* [THE TASK]
All that is needed is an exact copy of the lines from the beginning of the data below through the line containing "The other reason", minus the pictures.

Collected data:
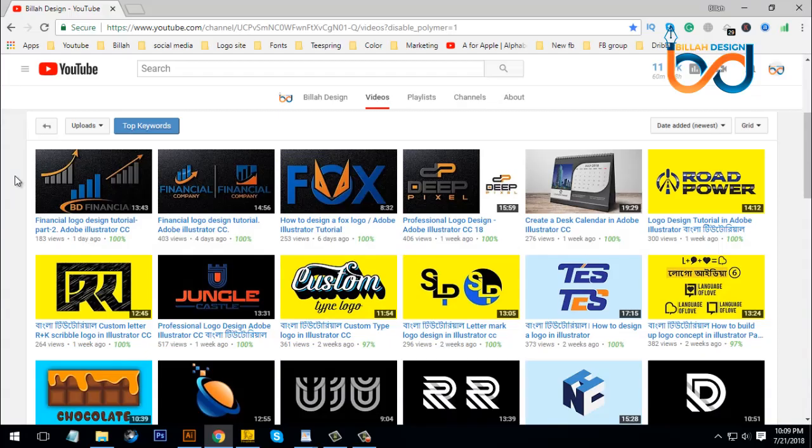Hello everyone, welcome to LogoDigent Tutorial. Today, we will be creating a technology-related tutorial. We will have a playlist in our technology. We will be able to create a logo or a tutorial, and we will be able to create a playlist on our page.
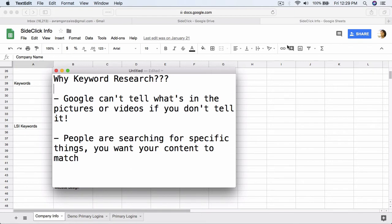The other reason keyword research is important is because people are searching for specific things in regards to your business and the services you offer or the products you sell. So you want your content — all these photos and so on — to match that. It makes more sense to keyword particular items for something specifically that somebody is searching for, and it could be just the difference of a word or two that can make all the difference.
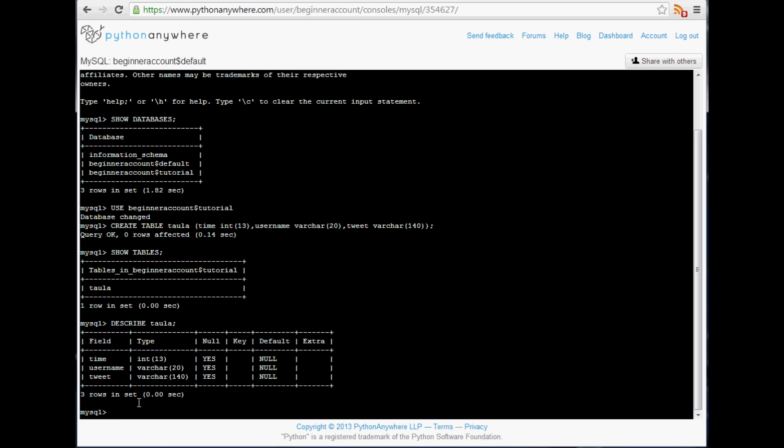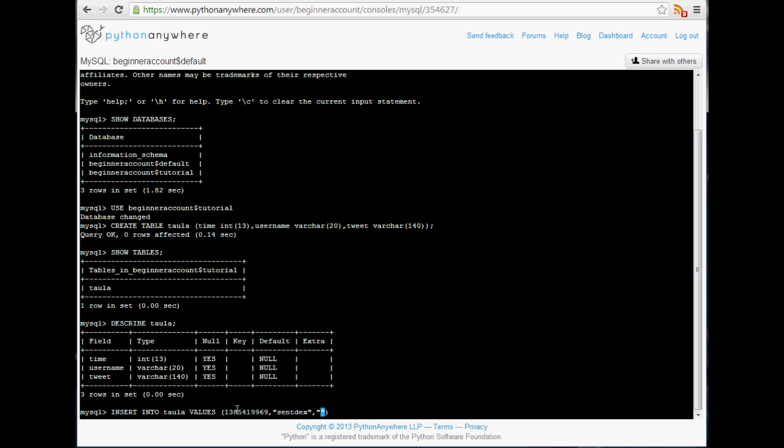So anyway, not wasting your time, insert into, and that's going to put data into a table. And now you need to say what table, so we're going to say Taula, or my table, whatever you call yours. You can call it whatever. Values, and then in here we're going to insert the values in the order of column. Now again later this will change whenever we insert instead of you know hard-coded values, variables. But for now we'll just write it out. So we're going to just put data in here like this. Now in here this is an int so there are going to be no quotations around what we say. So we're going to say 1385419969 as a unix time stamp. That's that. Next is our username and our username here is just going to be sentdex. And then we're going to say a tweet and this will be welcome to my tutorial.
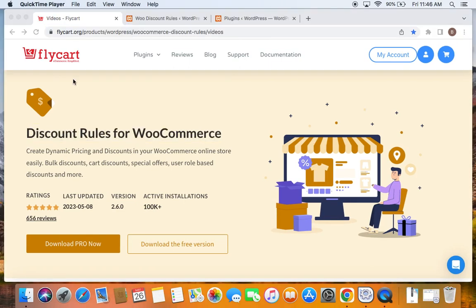Custom taxonomies are nothing but brands, tags, etc. In order to provide discounts for these custom taxonomies such as brands and tags, we'll first have to create them in WooCommerce and then start giving discounts to those specific brands and tags in the WooDiscount Rules plugin.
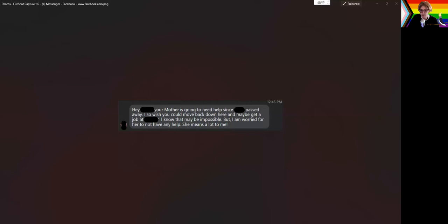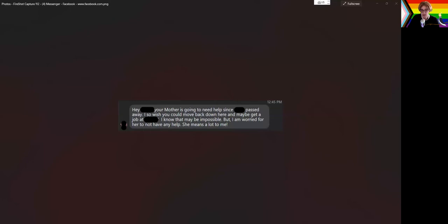So that's the first thing, the assumption that since we are the oldest child, that somehow we should be the person who is moving 14 hours away to get a job so that we can be there for her. The second thing that is insulting, or the third thing, is that she wouldn't have any help from them, and also that she does not understand, they do not understand the very real danger that we would be putting ourselves in if we were to move back down to where our family is from.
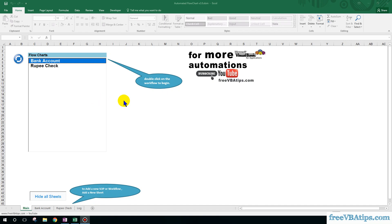Hello and welcome to Free VBA Tips. Today I'm going to show you an automated flowchart. Suppose you're working for an organization and there are a number of steps that you follow for processing a particular case. This automation could be helpful for you. It would ensure that you're following all the steps required or the checkmarks that are required to process a particular case.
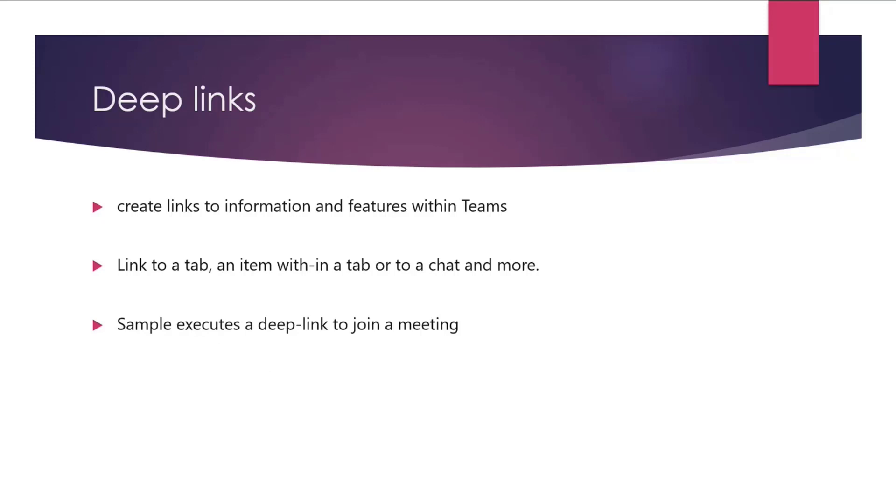Deep links. So you can create links to information and features within Teams. When you do so, Teams will automatically navigate the users to whatever resource you're pointing to. For example, you can create a link to a tab or an item within a tab to an existing chat and much more. The sample here executes a deep link, which lets the user automatically join the meeting that's created on the fly.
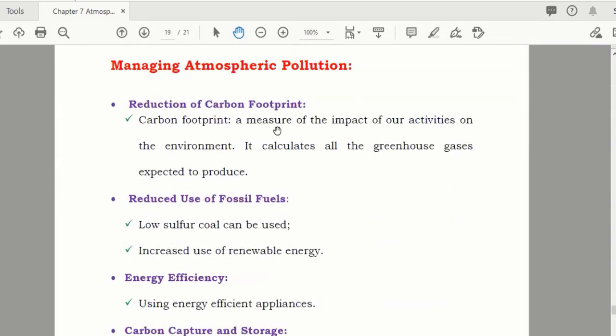After that, how can you manage atmospheric pollution? In the same way, you have to avoid the reasons or factors which are causing it.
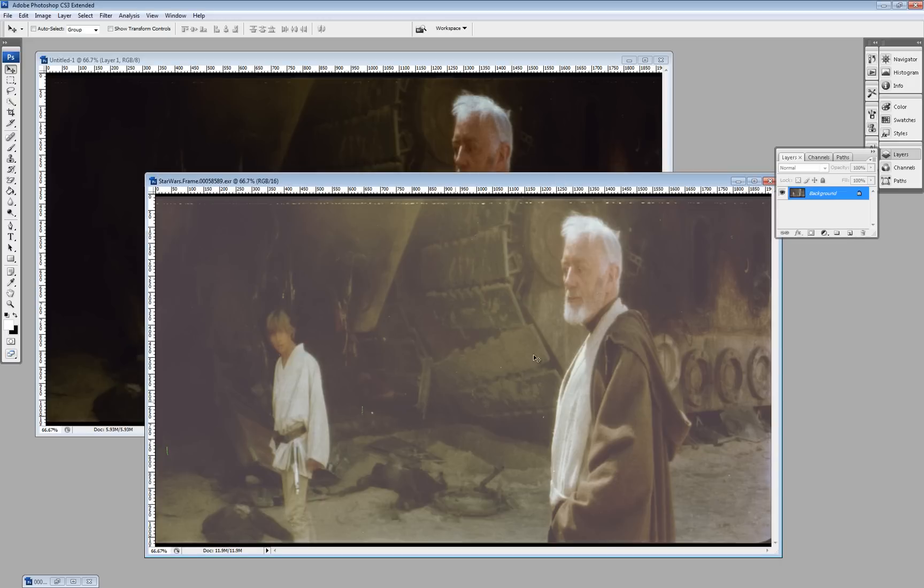Here we have the LPP frame, raw, uncleaned. This is the dirty frame.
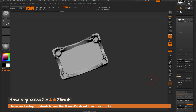If you have any other questions related to ZBrush pipelines or processes, please use the hashtag AskZBrush on Twitter. Happy ZBrushing!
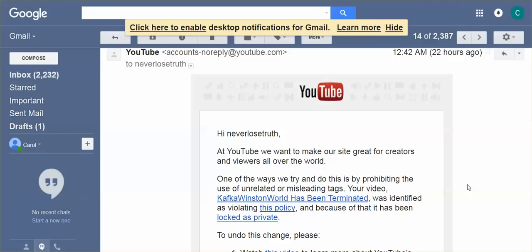Clearly, Google YouTube has a very selective process in which they terminate channels for any reason or no reason. They make up reasons. Now I'm getting community guideline strikes on Never Lose Truth.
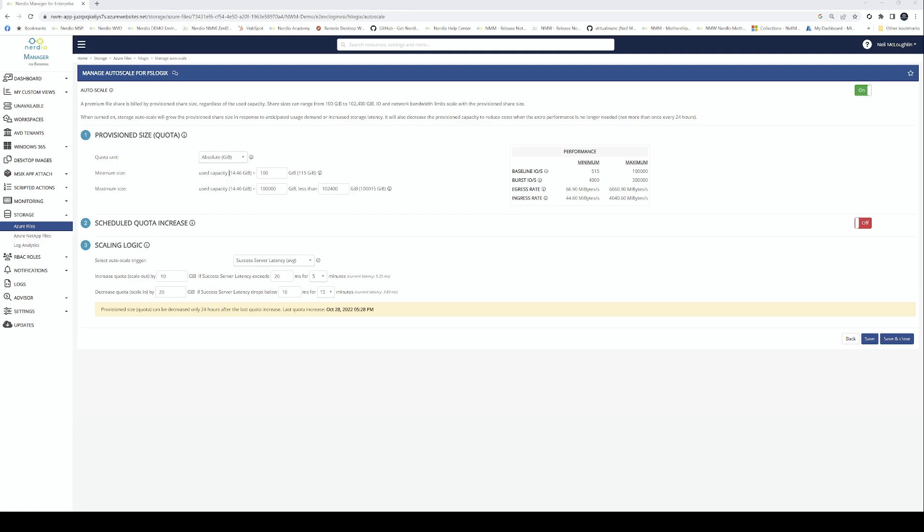The rule of thumb with storage is the more storage you provision, the more IOPS you get. Essentially, storage is just disks. Each disk has a set number of IOPS, and therefore the more disks we have, the more storage we have, the more IOPS we're going to get. More IOPS equals better performance for the user and a better login and logout experience.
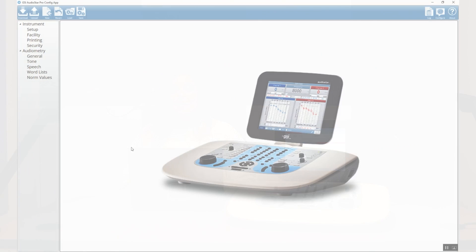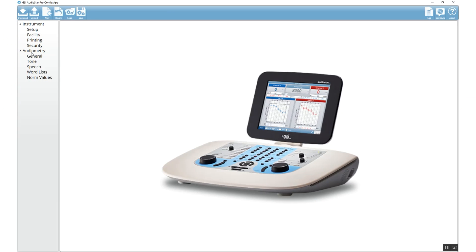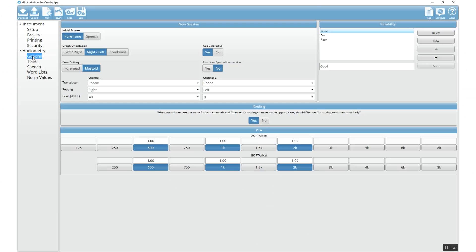We're going to open up the configuration application. Please remember when you open the configuration application and you're going to make changes to your AudioStar Pro, the first thing you do is press Upload. That will bring all of the settings from the instrument into the config app. You can then make your changes and download them back into the AudioStar Pro. To access the weighted pure tone average, go into the Audiometry section and then into the General section.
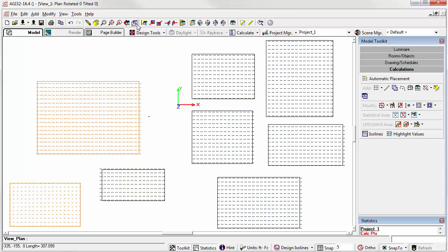So that wraps up our lesson on two-point calculation grids. Be sure to watch the other videos on placing calculation grids. There are a variety of options as some techniques are more suitable to certain applications than others.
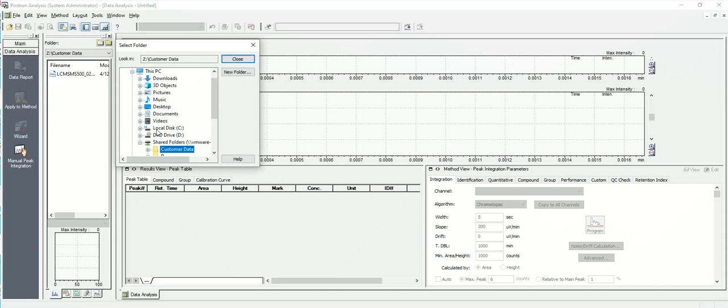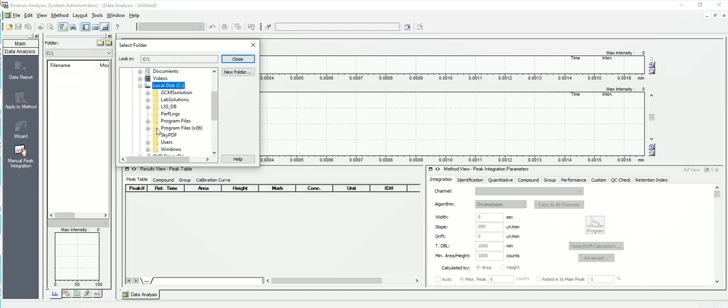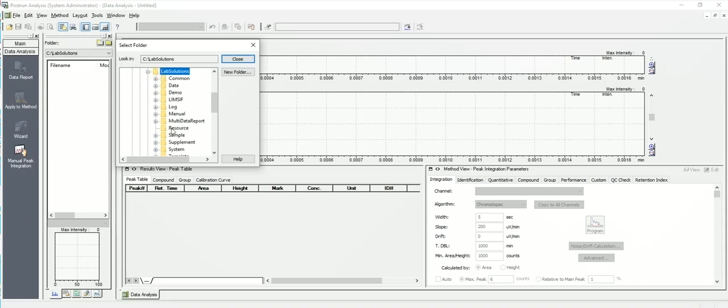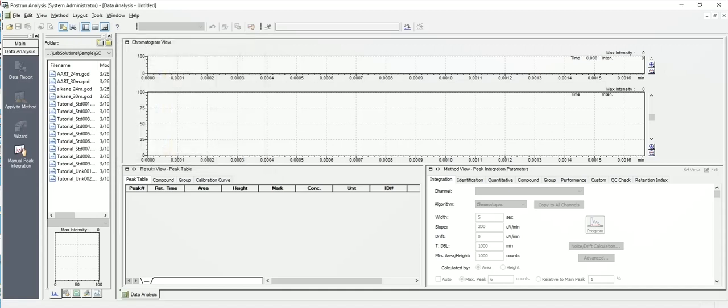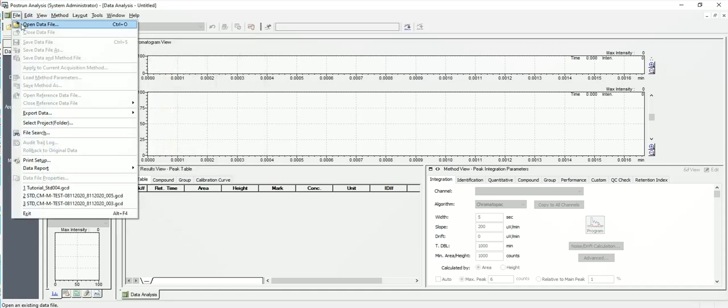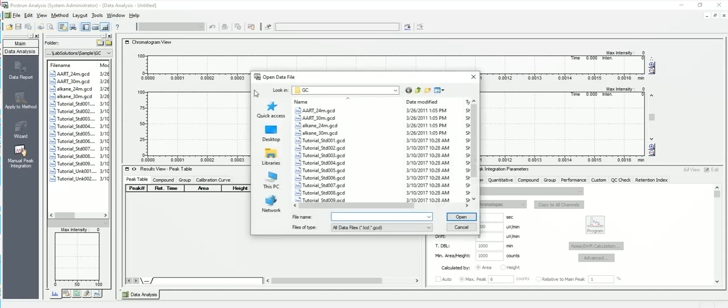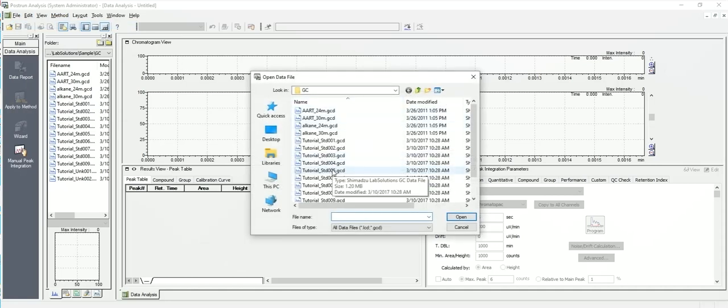But in this instance since I'm running on a virtual machine we're going to go to the samples GC. So you want to make sure you get to the right directory. Now when I say file, open data file, it opens into that directory. So I'm going to open up one of the tutorial samples.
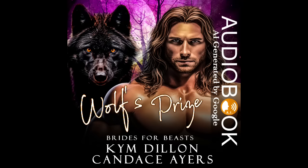This is an auto-narrated audiobook by Google's computer-generated AI voices. Wolf's Prize, Book 3 in the Brides for Beasts Wolf Series by Candace Ayers and Kim Dillon. Copyright 2023 by Lovestruck Romance, All Rights Reserved. To ensure these authors are able to bring you more free content, please support them by subscribing to this channel.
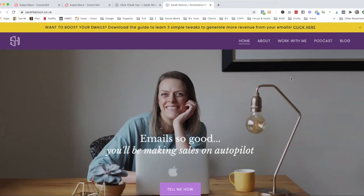Hi there, I'm Sarah Henson. I'm an email copywriter and strategist and I'm a self-confessed tech geek, which means I help you understand the tech behind your email systems to get the best out of them.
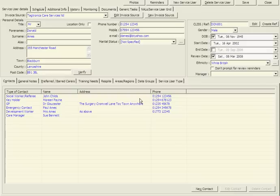Service Users. The software allows you to input a fully comprehensive list of information for each service user. All personal details, reference number, start and end date, and even a review reminder box.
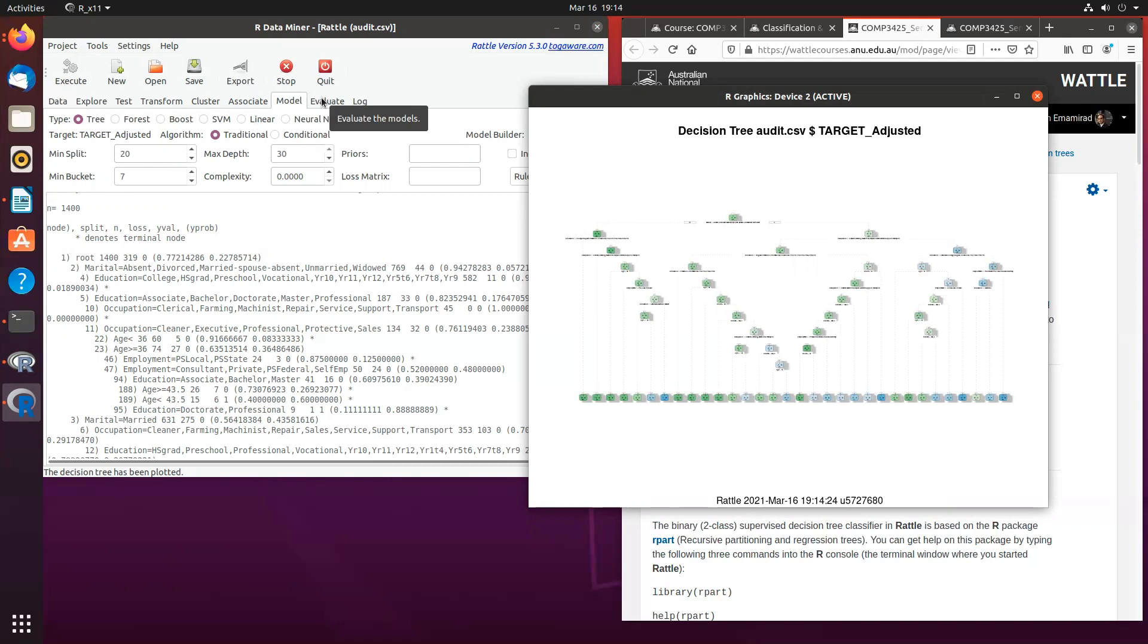Again, I highly recommend you go through this. I highly suggest you create a few decision trees and have a play around with the evaluation tab and see how different models are performing.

* [ANSWER SPACE]
Hello everyone, welcome to LogoDigent Tutorial. Today, we will be creating a technology-related tutorial. We will have a playlist in our technology. We will be able to create a logo or a tutorial, and we will be able to create a playlist on our page.
The other reason keyword research is important is because people are searching for specific things in regards to your business and the services you offer or the products you sell. So you want your content — all these photos and so on — to match that. It makes more sense to keyword particular items for something specifically that somebody is searching for, and it could be just the difference of a word or two that can make all the difference.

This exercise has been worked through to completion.